Neue Tugenden

Neue Rechtschreibung

Der 1. August nahte unaufhaltsam. Was haben wir freien Autoren geflucht und gewettert. Regeln pauken bis zum Abwinken. Dann dieser Albdruck (jetzt mit b), dass nichts mehr beim Alten (jetzt groß) bleibt. Was ist damit überhaupt gemeint, werden Sie fragen. Warum bloß dieses Wettern und Fluchen? Von welchem Alten ist die Rede? Vom Verleger vielleicht? Oder dem Zeitungsboss? Und dann dieser Druck vom unterirdischen Erdgeist? Wo doch der Alte freigiebig alles – also wahrscheinlich Urlaubsgeld, dreizehntes Gehalt – herausrücken will:  Nichts bleibt beim Alten. Schwamm drüber. Nur eines dieser zahllosen Missverständnisse, ausgelöst durch die neue Rechtschreibregelung. Und um die geht es im Folgenden.

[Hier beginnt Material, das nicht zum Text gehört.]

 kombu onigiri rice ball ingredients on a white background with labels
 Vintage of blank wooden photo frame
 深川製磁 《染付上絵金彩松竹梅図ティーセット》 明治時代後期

Bitte, hier die ganze Leidensgeschichte einer freien Journalistin: Seit Anfang August flatterten erste Alarmsignale in Briefform ins Haus. Aufgescheuchte Kollegen in den Zeitungsredaktionen berichteten von gräulichen – mit äu – Problemen mit dem Computersystem: Die neue Silbentrennung lasse sich nicht implementieren. Nonchalant teilten einige Redakteure außerdem mit, sie hegten den dringenden Wunsch, dass die neuen Regeln von den freien Mitarbeitern angewandt würden. Ab dem 1. August. Und zwar pünktlich! Und akkurat! Siehe da, mit der neuen deutschen Sprache kommen längst verschüttet geglaubte preußische Tugenden wieder zur Geltung.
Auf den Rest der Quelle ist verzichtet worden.